A Teaching Temp Talks Back

"I was there..."

"Foundsf.org is republishing a series of "Tales of Toil" that appeared in Processed World magazine between 1981 and 2004. As first-hand accounts of what it was like working at various jobs during those years, these accounts provide a unique view into an aspect of labor history rarely archived, or shared.

by Sophia Fury

—from Processed World #19, published in April 1987.

Teaching-temp-talks-back processedworld19.jpg

I work as a part-time instructor at a San Francisco Bay Area community college. The California public university system, which includes universities, state universities and community colleges, was designed in the 1960s (when there was lots of money kicking around) to enable any young Californian who wanted one to get a college degree, regardless of economic level. I myself was a product of the education boom. Thanks to the largesse of financial aid, I armed myself (along with the rest of the hordes) with my liberal arts degree, ready to tackle the world. I'm still tethered to the public university system, but now I'm looking at it from the inside as an employee, and, along with my fellow part­ time instructors, watching it disintegrate.
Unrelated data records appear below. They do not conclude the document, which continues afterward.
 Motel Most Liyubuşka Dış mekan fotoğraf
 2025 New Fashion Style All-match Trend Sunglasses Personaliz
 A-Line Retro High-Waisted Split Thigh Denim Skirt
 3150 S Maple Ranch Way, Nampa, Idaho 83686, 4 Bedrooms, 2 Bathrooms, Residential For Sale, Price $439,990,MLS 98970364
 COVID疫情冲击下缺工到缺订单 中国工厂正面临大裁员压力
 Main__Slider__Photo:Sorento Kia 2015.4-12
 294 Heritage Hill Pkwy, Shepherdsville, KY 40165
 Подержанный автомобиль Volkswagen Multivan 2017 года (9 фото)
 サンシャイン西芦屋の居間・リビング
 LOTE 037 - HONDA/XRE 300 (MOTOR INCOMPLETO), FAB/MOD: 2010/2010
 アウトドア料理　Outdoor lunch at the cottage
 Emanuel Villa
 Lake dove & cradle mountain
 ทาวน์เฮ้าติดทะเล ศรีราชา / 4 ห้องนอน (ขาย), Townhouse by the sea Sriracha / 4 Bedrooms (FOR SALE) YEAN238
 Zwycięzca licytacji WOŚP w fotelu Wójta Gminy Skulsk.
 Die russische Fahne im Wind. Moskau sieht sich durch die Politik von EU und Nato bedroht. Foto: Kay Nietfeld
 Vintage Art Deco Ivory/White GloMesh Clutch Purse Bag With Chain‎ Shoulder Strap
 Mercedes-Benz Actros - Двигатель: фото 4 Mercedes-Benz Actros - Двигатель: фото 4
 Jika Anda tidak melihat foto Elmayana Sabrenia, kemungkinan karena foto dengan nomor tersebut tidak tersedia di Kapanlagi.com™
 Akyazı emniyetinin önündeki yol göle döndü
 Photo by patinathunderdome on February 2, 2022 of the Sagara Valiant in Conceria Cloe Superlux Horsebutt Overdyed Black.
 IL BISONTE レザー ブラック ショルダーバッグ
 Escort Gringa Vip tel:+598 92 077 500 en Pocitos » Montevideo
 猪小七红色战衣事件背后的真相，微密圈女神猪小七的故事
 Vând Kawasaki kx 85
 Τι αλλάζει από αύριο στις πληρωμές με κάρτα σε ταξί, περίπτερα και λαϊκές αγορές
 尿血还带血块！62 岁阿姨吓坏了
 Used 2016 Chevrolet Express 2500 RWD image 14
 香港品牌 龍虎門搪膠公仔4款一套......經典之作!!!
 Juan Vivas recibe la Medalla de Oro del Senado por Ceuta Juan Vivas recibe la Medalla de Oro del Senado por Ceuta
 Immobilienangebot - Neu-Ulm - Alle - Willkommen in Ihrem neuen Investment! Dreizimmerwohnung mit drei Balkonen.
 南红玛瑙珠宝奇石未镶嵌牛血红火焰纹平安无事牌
Nowhere do you see the insidious undoing of the promise of equal opportunity as in the current California community college system. With the passage of the tax­ cutting Proposition 13 and the election of a short-sighted, "bottom-line" governor, the California community colleges had begun their slow decline. Government funds have been reduced to a trickle over the last few years. Administrators moan and groan over the restrictions imposed on them. Classes have been cut. Tuition is raised yearly. Attendance is down. Low­income teenagers have proven to be a completely expendable commodity in the highly competitive, high-tech job market of the 1980s, and the California system of education has remorselessly abandoned them.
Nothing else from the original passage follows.